As unrepenting Nature leaves
Her every act.


III. CHARACTER.

I HAVE read that those who listened to Lord Chatham
felt that there was something finer in the man than
any thing which he said. It has been complained of
our brilliant English historian of the French
Revolution that when he has told all his facts about
Mirabeau, they do not justify his estimate of his
genius. The Gracchi, Agis, Cleomenes, and others of
Plutarch's heroes, do not in the record of facts equal
their own fame. Sir Philip Sidney, the Earl of Essex,
Sir Walter Raleigh, are men of great figure and of
few deeds. We cannot find the smallest part of the
personal weight of Washington in the narrative of his
exploits. The authority of the name of Schiller is
too great for his books. This inequality of the
reputation to the works or the anecdotes is not
accounted for by saying that the reverberation is
longer than the thunder-clap, but somewhat resided
in these men which begot an expectation that outran
all their performance. The largest part of their power
was latent. This is that which we call Character,--a
reserved force which acts directly by presence, and
without means. It is conceived of as a certain
undemonstrable force, a Familiar or Genius, by whose
impulses the man is guided but whose counsels he
cannot impart; which is company for him, so that such
men are often solitary, or if they chance to be social,
do not need society but can entertain themselves very
well alone. The purest literary talent appears at one
time great, at another time small, but character is of
a stellar and undiminishable greatness. What others
effect by talent or by eloquence, this man accomplishes
by some magnetism. "Half his strength he put not forth."
His victories are by demonstration of superiority, and
not by crossing of bayonets. He conquers because his
arrival alters the face of affairs. "O Iole! how did
you know that Hercules was a god?" "Because," answered
Iole, "I was content the moment my eyes fell on him.
When I beheld Theseus, I desired that I might see him
offer battle, or at least guide his horses in the
chariot-race; but Hercules did not wait for a contest;
he conquered whether he stood, or walked, or sat, or
whatever thing he did." Man, ordinarily a pendant to
events, only half attached, and that awkwardly, to the
world he lives in, in these examples appears to share
the life of things, and to be an expression of the same
laws which control the tides and the sun, numbers and
quantities.

But to use a more modest illustration and nearer
home, I observe that in our political elections,
where this element, if it appears at all, can only
occur in its coarsest form, we sufficiently understand
its incomparable rate. The people know that they need
in their representative much more than talent, namely
the power to make his talent trusted. They cannot come
at their ends by sending to Congress a learned, acute,
and fluent speaker, if he be not one who, before he
was appointed by the people to represent them, was
appointed by Almighty God to stand for a fact,--
invincibly persuaded of that fact in himself,--so
that the most confident and the most violent persons
learn that here is resistance on which both impudence
and terror are wasted, namely faith in a fact.

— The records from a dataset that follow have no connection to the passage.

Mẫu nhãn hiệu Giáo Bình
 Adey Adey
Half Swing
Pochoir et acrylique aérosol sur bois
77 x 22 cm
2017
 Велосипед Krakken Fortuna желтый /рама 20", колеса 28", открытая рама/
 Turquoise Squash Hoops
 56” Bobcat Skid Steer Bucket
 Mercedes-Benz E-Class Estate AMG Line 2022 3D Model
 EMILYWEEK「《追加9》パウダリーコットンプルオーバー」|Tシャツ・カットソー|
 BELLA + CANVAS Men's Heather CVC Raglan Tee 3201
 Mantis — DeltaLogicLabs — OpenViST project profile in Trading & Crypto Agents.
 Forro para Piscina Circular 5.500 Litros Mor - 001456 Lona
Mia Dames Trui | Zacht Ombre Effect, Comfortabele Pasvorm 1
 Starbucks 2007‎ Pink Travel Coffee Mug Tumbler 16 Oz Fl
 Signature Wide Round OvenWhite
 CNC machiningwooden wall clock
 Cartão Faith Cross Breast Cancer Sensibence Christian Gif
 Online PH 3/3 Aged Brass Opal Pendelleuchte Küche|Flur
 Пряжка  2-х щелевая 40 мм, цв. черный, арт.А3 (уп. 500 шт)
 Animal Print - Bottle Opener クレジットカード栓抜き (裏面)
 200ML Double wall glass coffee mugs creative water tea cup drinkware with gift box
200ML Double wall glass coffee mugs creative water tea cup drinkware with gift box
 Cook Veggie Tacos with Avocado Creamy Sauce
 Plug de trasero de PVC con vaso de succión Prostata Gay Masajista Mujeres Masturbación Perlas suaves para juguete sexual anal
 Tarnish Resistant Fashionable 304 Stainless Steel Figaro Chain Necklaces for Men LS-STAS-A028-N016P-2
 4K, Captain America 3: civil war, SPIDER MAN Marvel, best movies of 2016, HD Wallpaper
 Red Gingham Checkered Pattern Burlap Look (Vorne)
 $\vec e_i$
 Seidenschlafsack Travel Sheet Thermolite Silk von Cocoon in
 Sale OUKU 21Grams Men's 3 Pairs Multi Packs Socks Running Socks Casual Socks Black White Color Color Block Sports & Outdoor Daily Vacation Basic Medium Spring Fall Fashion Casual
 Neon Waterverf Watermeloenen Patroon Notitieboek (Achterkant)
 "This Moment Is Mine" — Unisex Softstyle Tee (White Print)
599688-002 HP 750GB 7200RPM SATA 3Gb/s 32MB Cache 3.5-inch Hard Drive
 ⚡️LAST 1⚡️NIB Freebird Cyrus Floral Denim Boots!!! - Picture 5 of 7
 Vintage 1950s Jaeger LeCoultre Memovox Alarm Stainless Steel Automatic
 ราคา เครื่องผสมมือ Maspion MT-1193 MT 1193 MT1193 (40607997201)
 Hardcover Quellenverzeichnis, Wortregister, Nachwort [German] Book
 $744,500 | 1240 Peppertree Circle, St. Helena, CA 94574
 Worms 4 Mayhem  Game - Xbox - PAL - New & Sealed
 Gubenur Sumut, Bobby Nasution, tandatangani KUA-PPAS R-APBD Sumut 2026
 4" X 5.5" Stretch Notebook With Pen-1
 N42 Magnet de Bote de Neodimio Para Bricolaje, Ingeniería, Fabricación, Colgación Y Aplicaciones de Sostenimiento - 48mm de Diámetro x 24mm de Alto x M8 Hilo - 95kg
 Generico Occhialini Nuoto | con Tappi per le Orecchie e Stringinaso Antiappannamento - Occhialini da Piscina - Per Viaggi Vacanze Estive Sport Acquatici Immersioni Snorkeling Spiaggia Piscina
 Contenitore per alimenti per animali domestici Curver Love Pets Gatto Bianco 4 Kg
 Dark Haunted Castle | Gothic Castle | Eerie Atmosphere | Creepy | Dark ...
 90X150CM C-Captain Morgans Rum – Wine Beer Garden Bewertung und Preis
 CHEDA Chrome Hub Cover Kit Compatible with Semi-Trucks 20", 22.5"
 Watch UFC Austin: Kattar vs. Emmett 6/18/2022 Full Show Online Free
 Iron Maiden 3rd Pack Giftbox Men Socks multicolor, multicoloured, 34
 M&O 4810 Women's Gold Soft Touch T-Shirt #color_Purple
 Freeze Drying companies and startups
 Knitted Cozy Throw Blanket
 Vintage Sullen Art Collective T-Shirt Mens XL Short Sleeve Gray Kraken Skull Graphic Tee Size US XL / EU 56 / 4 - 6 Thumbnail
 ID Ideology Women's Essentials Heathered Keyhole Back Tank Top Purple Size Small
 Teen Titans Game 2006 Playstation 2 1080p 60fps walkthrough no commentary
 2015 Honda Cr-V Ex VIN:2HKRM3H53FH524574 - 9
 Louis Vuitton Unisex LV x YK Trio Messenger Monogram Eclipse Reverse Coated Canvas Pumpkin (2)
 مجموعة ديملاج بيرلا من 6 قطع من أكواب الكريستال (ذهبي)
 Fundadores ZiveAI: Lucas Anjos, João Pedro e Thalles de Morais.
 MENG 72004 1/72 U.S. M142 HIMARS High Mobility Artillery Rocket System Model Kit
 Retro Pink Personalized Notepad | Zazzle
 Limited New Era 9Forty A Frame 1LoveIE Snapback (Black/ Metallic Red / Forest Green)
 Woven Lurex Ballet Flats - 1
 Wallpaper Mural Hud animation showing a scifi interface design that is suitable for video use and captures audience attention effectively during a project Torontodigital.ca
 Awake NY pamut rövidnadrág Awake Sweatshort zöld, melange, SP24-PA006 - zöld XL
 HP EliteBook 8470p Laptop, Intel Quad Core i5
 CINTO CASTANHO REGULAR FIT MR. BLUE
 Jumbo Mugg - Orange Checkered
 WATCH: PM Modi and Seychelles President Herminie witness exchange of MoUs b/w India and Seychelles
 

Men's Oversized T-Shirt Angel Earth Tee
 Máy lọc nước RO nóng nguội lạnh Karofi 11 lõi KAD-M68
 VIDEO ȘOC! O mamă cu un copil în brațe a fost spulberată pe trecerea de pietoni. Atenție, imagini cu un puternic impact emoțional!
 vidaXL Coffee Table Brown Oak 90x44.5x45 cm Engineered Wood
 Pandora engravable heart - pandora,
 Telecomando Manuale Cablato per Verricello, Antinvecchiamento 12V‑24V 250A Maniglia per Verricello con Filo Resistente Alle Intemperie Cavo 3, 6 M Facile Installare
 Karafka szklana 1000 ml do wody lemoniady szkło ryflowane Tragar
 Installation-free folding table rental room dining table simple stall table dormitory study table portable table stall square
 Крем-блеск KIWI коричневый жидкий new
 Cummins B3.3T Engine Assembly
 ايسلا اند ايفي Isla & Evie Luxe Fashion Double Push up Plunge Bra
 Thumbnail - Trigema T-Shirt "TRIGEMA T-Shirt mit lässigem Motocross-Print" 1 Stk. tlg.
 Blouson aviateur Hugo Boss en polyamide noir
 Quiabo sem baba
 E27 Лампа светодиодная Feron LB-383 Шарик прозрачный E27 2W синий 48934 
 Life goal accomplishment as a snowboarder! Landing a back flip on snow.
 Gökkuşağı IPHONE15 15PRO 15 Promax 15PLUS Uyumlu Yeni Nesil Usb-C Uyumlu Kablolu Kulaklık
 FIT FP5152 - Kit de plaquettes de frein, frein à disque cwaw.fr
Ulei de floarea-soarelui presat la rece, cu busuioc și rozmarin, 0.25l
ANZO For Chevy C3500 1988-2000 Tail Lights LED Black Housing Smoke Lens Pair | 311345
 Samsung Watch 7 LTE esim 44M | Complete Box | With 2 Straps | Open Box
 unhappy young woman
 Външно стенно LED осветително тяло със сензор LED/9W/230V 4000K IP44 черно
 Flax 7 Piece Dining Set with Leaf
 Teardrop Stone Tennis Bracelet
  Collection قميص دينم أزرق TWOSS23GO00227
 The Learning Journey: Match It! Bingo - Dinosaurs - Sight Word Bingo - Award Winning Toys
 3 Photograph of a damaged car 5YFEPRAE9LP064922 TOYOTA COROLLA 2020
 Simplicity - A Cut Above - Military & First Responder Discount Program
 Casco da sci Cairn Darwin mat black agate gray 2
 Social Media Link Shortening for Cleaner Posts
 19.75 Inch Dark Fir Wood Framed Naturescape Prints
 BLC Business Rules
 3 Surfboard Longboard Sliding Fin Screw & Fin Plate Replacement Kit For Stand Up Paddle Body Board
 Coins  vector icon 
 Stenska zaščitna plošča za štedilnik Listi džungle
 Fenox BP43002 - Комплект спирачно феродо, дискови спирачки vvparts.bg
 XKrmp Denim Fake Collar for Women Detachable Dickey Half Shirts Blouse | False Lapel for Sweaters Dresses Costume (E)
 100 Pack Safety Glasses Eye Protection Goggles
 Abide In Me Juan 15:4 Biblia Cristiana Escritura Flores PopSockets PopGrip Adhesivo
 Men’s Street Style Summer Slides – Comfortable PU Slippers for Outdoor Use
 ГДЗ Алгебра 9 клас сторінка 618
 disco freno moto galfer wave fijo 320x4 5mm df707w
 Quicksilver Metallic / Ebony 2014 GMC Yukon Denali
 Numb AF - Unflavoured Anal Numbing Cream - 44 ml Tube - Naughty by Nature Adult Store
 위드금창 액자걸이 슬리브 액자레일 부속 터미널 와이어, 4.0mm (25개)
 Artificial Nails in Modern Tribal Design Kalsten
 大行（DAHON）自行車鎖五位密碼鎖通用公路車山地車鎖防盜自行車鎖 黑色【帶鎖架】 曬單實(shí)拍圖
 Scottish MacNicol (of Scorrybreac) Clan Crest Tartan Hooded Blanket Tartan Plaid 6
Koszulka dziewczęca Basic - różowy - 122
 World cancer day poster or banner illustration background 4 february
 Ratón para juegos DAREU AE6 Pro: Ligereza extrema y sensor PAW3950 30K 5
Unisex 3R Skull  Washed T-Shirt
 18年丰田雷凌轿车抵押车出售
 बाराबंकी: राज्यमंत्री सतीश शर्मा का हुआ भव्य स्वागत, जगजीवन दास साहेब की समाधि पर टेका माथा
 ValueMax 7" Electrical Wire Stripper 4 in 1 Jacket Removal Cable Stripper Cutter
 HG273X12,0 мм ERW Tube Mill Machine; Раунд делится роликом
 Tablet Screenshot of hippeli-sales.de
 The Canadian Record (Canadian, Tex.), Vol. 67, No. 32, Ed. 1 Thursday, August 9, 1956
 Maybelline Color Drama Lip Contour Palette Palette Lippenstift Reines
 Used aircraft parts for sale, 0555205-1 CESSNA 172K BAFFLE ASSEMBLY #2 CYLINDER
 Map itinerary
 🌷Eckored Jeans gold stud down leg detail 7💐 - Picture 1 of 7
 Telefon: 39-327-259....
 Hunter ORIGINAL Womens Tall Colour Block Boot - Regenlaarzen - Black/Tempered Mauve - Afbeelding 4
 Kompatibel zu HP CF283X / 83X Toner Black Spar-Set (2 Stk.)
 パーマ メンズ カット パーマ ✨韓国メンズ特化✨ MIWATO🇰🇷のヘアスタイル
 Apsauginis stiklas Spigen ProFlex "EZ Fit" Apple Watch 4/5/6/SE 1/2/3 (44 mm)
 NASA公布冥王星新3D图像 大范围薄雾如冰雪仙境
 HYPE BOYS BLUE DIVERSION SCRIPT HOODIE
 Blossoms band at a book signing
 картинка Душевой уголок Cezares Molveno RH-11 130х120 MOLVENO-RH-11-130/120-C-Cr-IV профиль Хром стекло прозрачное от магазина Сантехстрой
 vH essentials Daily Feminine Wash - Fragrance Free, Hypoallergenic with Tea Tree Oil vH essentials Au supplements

The men
who carry their points do not need to inquire of their
constituents what they should say, but are themselves
the country which they represent; nowhere are its
emotions or opinions so instant and true as in them;
nowhere so pure from a selfish infusion. The constituency
at home hearkens to their words, watches the color of
their cheek, and therein, as in a glass, dresses its
own. Our public assemblies are pretty good tests of
manly force. Our frank countrymen of the west and south
have a taste for character, and like to know whether
the New Englander is a substantial man, or whether the
hand can pass through him.

The same motive force appears in trade. There are
geniuses in trade, as well as in war, or the State,
or letters; and the reason why this or that man is
fortunate is not to be told. It lies in the man;
that is all anybody can tell you about it. See him
and you will know as easily why he succeeds, as, if
you see Napoleon, you would comprehend his fortune.
In the new objects we recognize the old game, the
Habit of fronting the fact, and not dealing with it
at second hand, through the perceptions of somebody
else. Nature seems to authorize trade, as soon as
you see the natural merchant, who appears not so much
a private agent as her factor and Minister of Commerce.
His natural probity combines with his insight into
the fabric of society to put him above tricks, and he
communicates to all his own faith that contracts are
of no private interpretation. The habit of his mind is
a reference to standards of natural equity and public
advantage; and he inspires respect and the wish to
deal with him, both for the quiet spirit of honor
which attends him, and for the intellectual pastime
which the spectacle of so much ability affords. This
immensely stretched trade, which makes the capes of
the Southern Ocean his wharves, and the Atlantic Sea
his familiar port, centres in his brain only; and
nobody in the universe can make his place good. In his
parlor I see very well that he has been at hard work
this morning, with that knitted brow and that settled
humor, which all his desire to be courteous cannot
shake off. I see plainly how many firm acts have been
done; how many valiant noes have this day been spoken,
when others would have uttered ruinous yeas. I see,
with the pride of art and skill of masterly arithmetic
and power of remote combination, the consciousness of
being an agent and playfellow of the original laws of
the world. He too believes that none can supply him,
and that a man must be born to trade or he cannot learn it.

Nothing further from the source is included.